Short descriptive text snippets:
============================================================

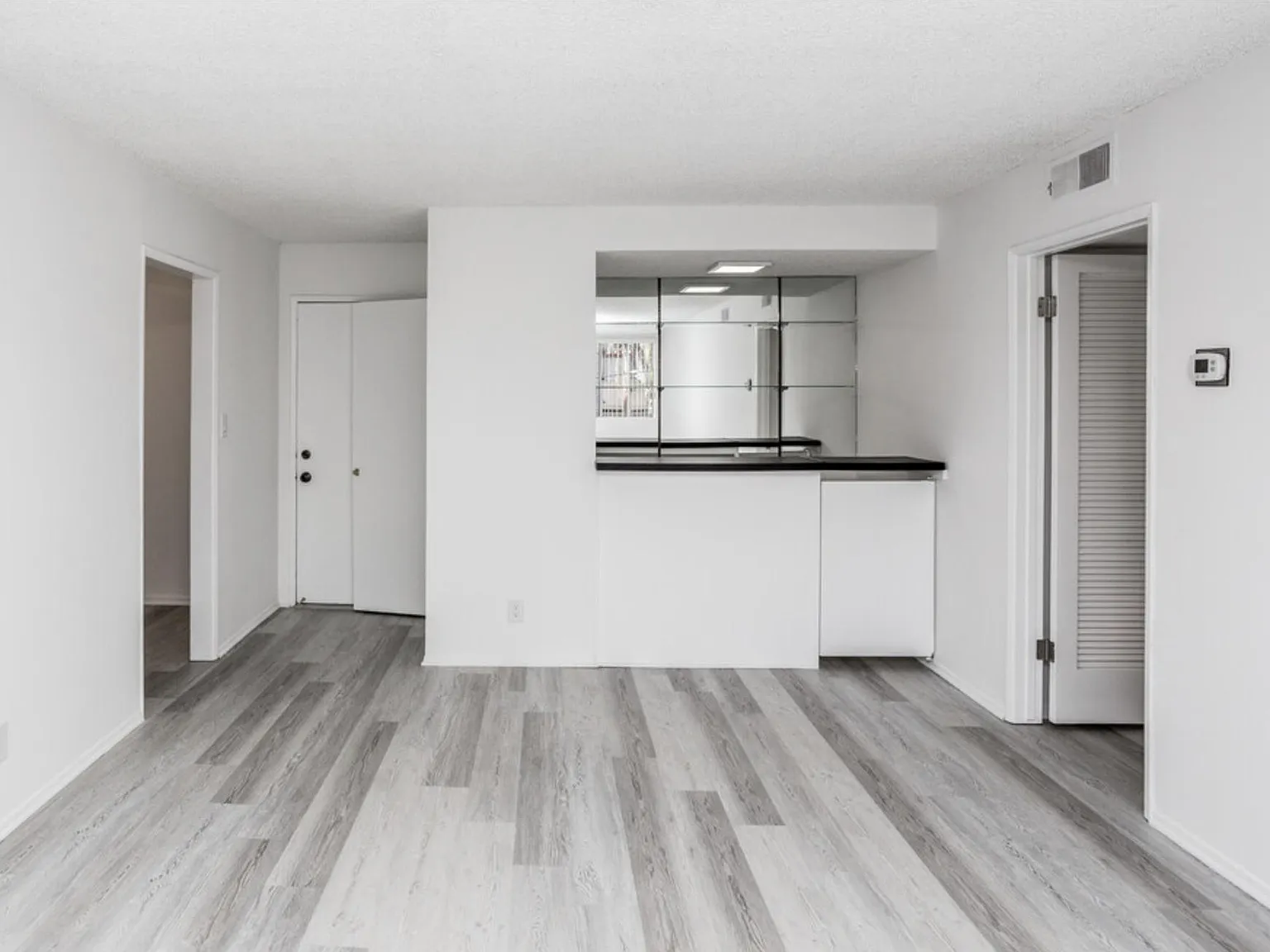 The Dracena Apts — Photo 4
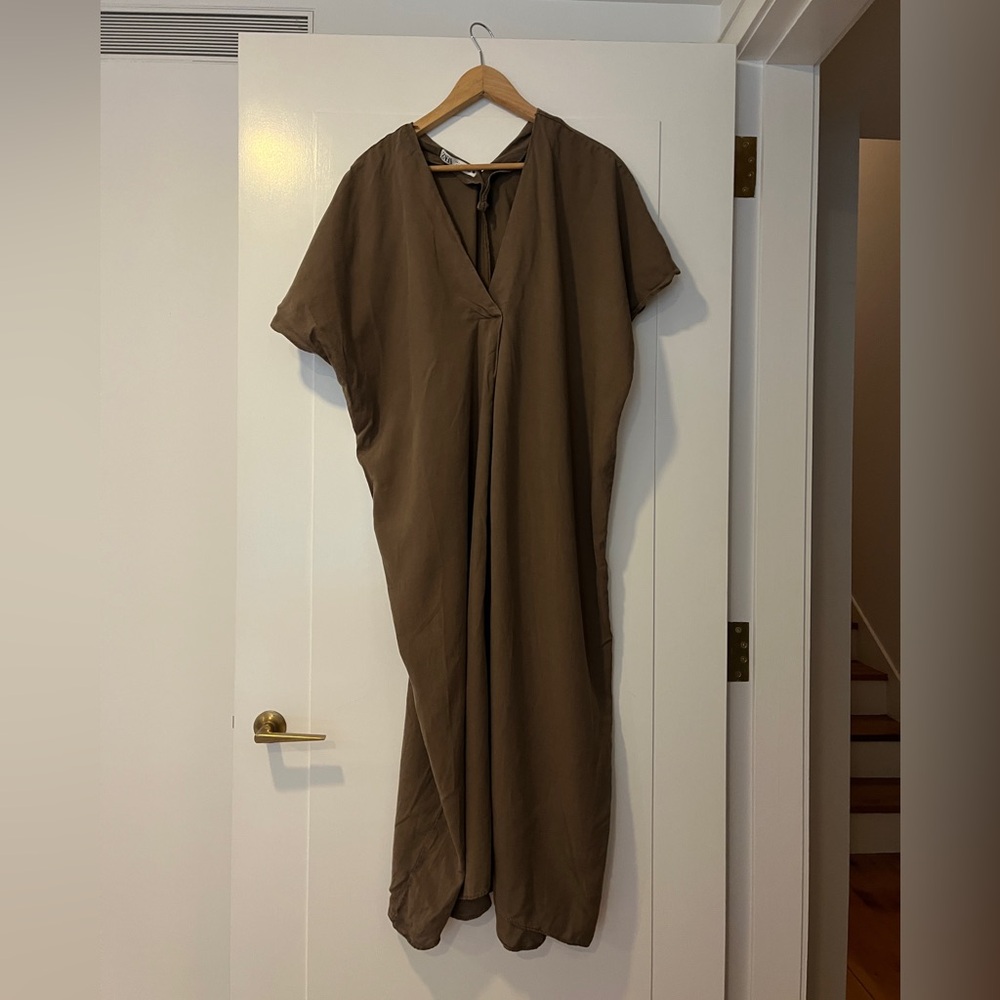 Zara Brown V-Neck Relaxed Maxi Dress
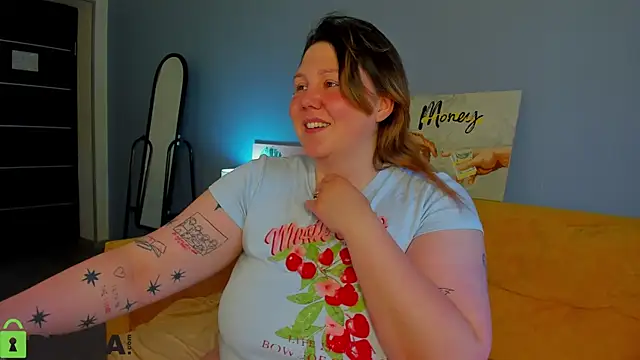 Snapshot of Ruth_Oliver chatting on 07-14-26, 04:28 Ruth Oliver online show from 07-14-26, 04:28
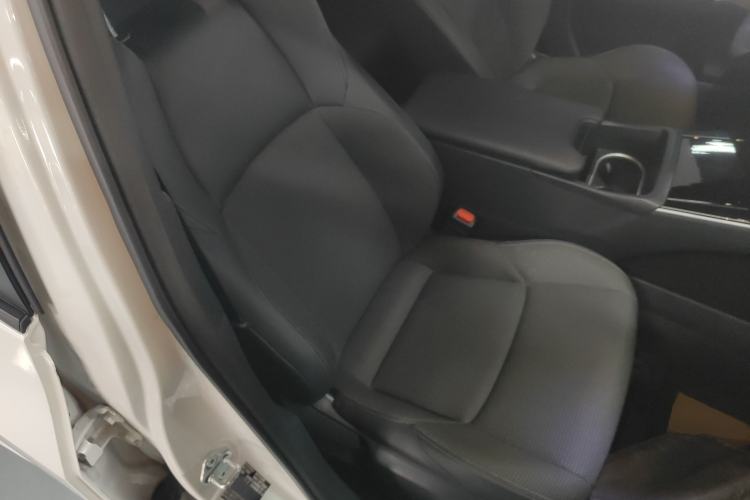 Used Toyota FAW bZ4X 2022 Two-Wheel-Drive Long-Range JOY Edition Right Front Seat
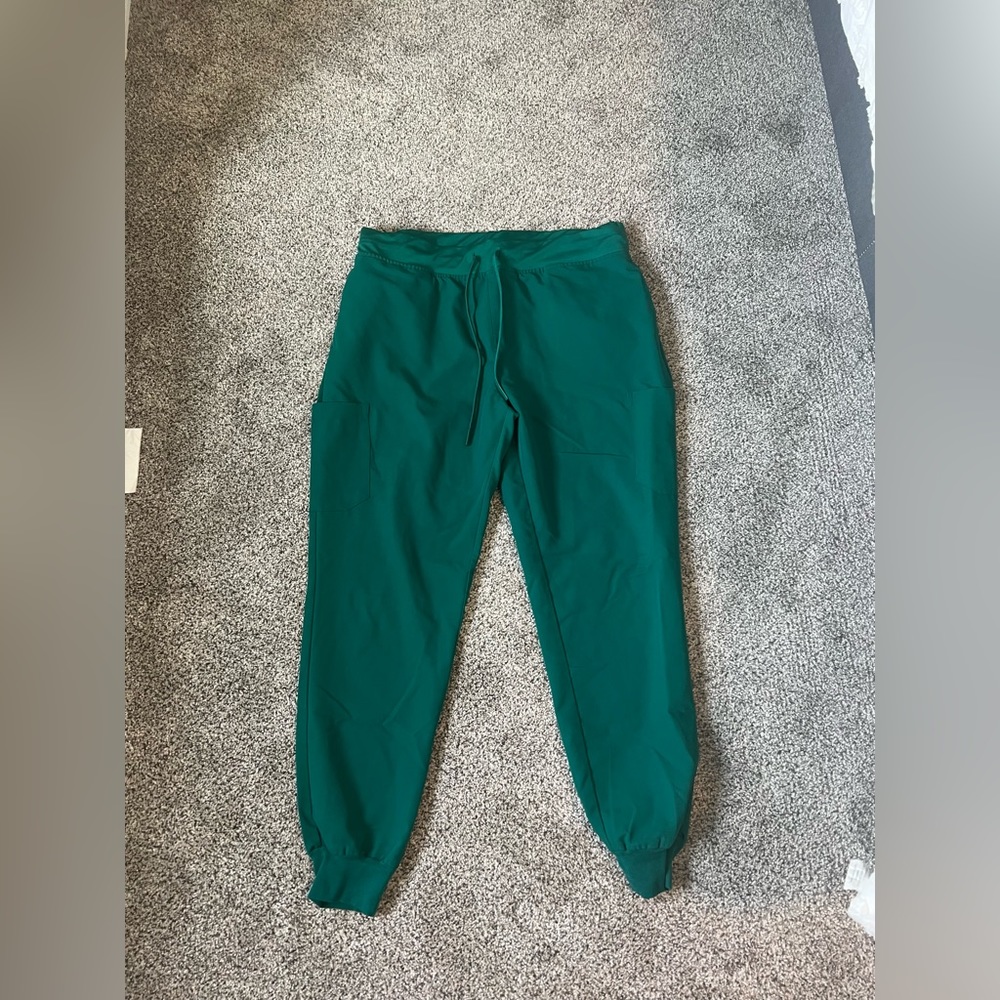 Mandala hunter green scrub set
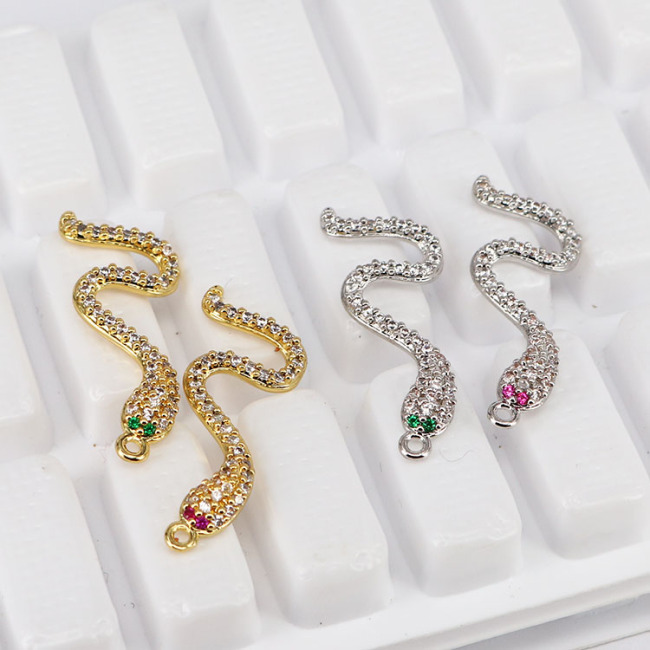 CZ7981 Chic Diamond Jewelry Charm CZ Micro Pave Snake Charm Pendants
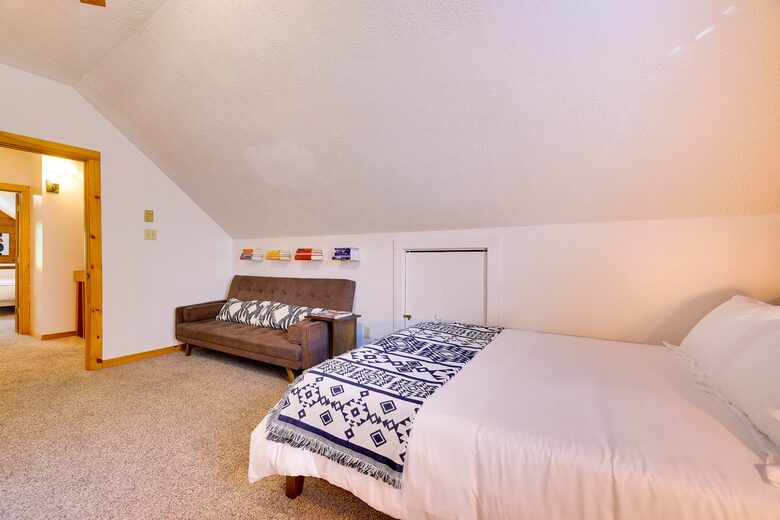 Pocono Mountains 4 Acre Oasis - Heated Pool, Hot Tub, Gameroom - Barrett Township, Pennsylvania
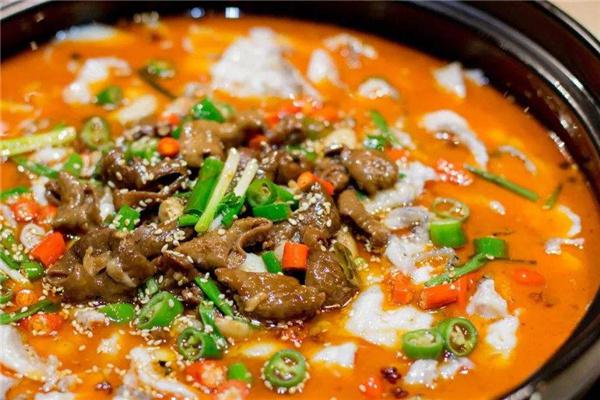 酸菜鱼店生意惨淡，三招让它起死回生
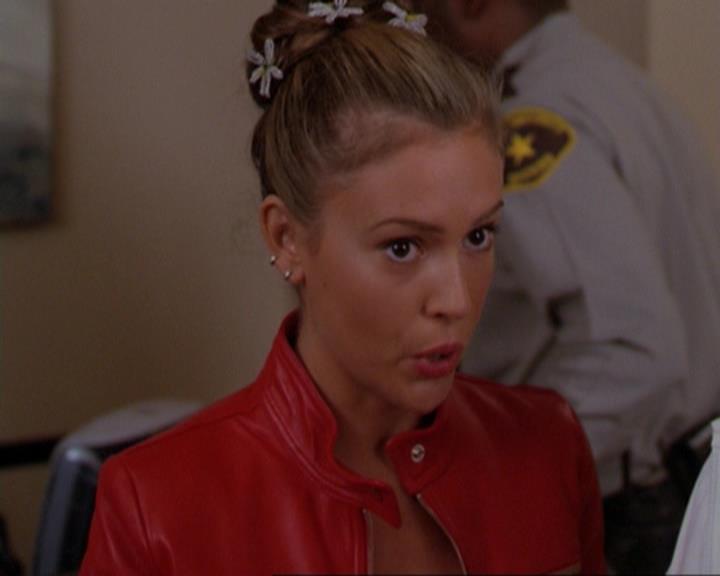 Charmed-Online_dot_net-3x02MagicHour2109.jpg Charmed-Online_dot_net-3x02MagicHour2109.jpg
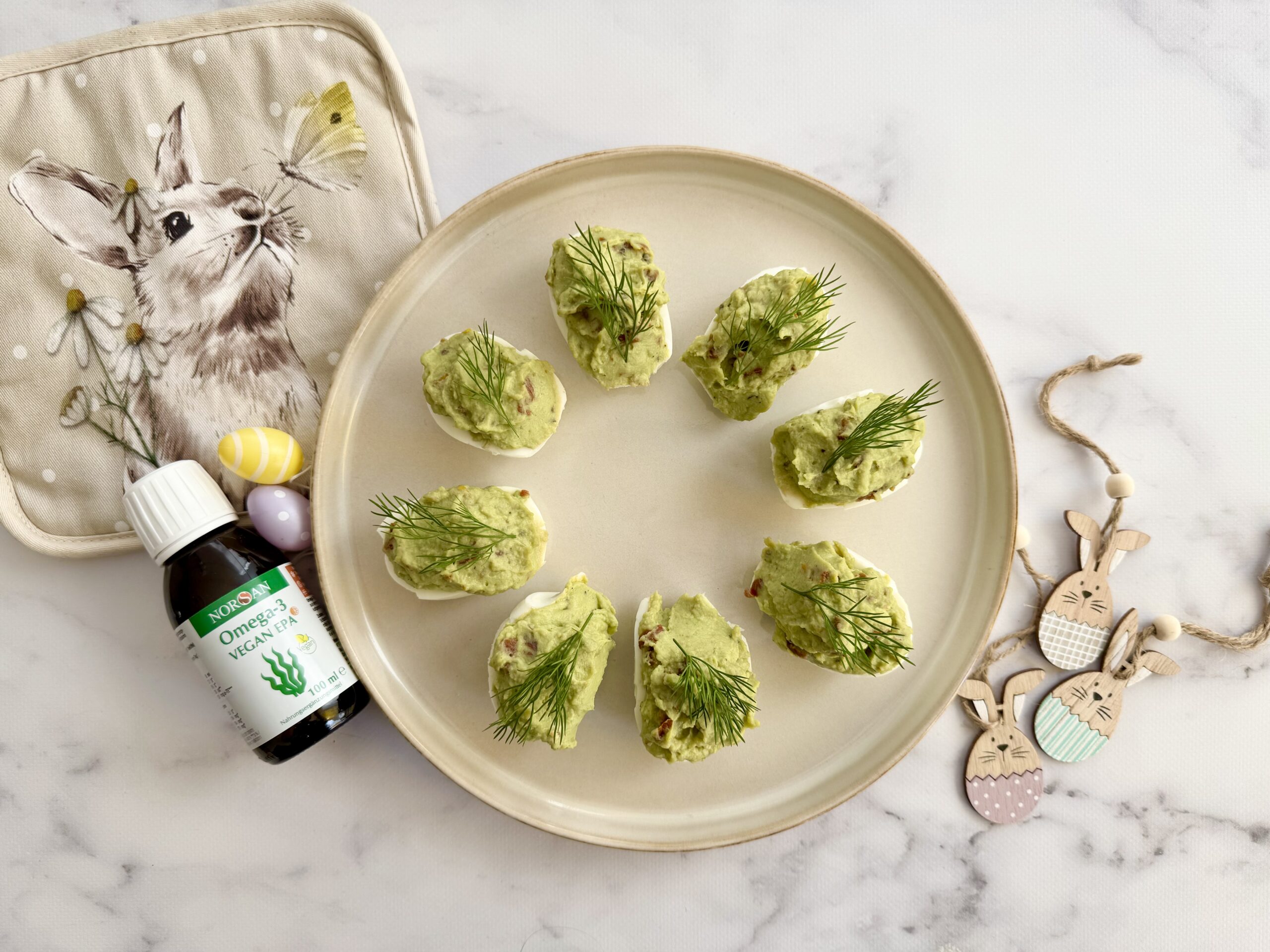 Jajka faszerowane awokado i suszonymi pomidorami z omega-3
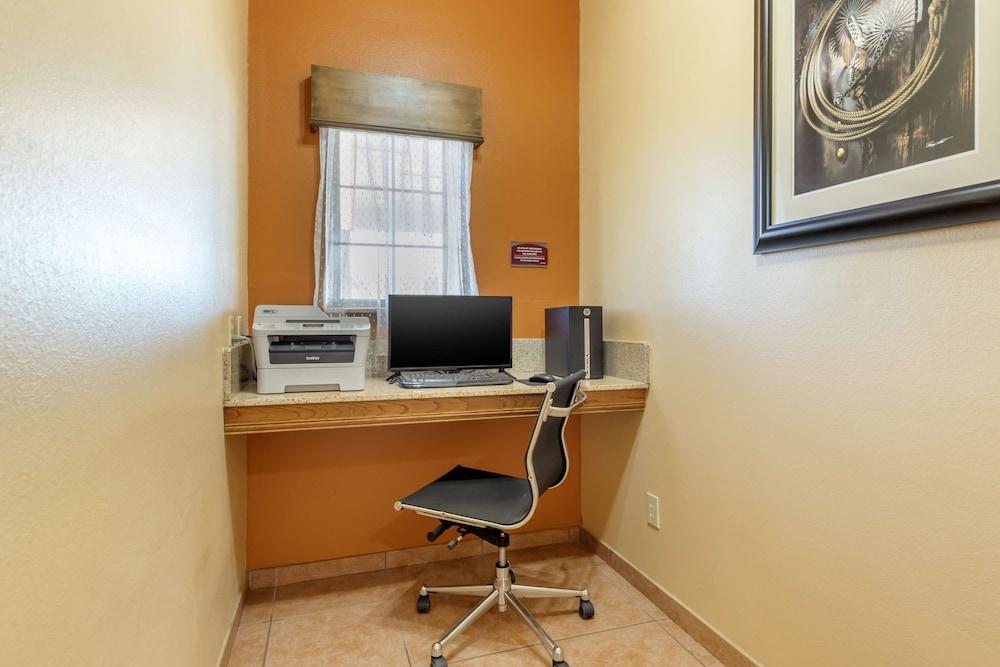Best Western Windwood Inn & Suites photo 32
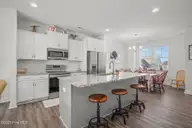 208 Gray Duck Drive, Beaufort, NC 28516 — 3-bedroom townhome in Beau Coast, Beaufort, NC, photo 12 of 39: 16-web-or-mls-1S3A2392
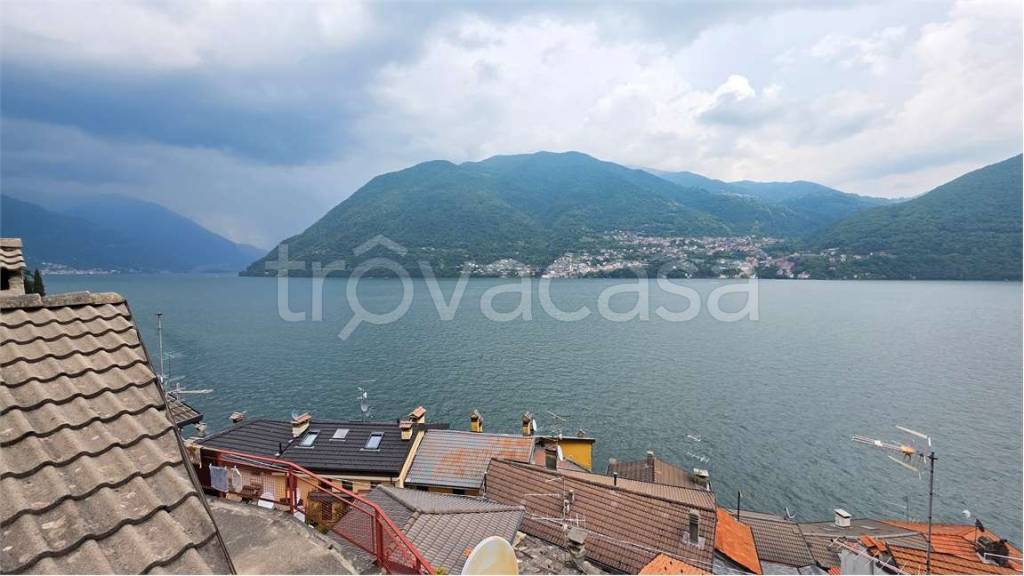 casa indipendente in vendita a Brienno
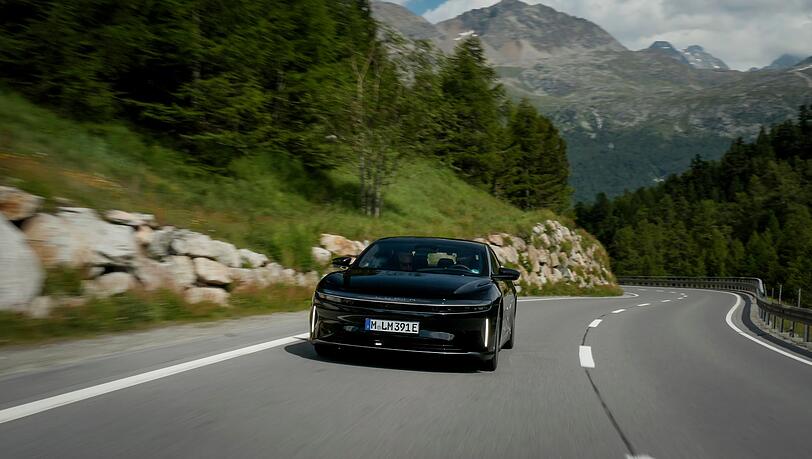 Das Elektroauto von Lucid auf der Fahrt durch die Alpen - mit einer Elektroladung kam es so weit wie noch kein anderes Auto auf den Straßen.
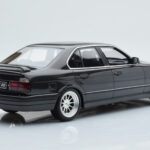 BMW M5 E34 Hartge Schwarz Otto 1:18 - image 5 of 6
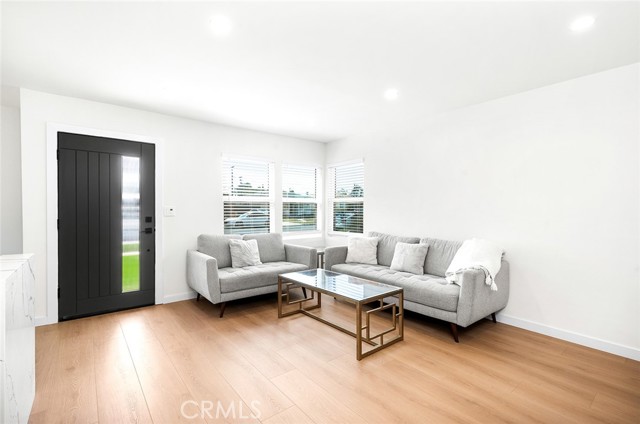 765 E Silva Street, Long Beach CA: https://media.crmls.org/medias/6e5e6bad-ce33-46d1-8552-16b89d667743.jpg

============================================================

INSTRUCTIONS TO FOLLOW — Give the data again exactly as written, with all pictures left out.

WRITTEN ANSWER —
 The Dracena Apts — Photo 4
 Zara Brown V-Neck Relaxed Maxi Dress
 Snapshot of Ruth_Oliver chatting on 07-14-26, 04:28 Ruth Oliver online show from 07-14-26, 04:28
 Used Toyota FAW bZ4X 2022 Two-Wheel-Drive Long-Range JOY Edition Right Front Seat
 Mandala hunter green scrub set
 CZ7981 Chic Diamond Jewelry Charm CZ Micro Pave Snake Charm Pendants
 Pocono Mountains 4 Acre Oasis - Heated Pool, Hot Tub, Gameroom - Barrett Township, Pennsylvania
 酸菜鱼店生意惨淡，三招让它起死回生
 Charmed-Online_dot_net-3x02MagicHour2109.jpg Charmed-Online_dot_net-3x02MagicHour2109.jpg
 Jajka faszerowane awokado i suszonymi pomidorami z omega-3
Best Western Windwood Inn & Suites photo 32
 208 Gray Duck Drive, Beaufort, NC 28516 — 3-bedroom townhome in Beau Coast, Beaufort, NC, photo 12 of 39: 16-web-or-mls-1S3A2392
 casa indipendente in vendita a Brienno
 Das Elektroauto von Lucid auf der Fahrt durch die Alpen - mit einer Elektroladung kam es so weit wie noch kein anderes Auto auf den Straßen.
 BMW M5 E34 Hartge Schwarz Otto 1:18 - image 5 of 6
 765 E Silva Street, Long Beach CA: https://media.crmls.org/medias/6e5e6bad-ce33-46d1-8552-16b89d667743.jpg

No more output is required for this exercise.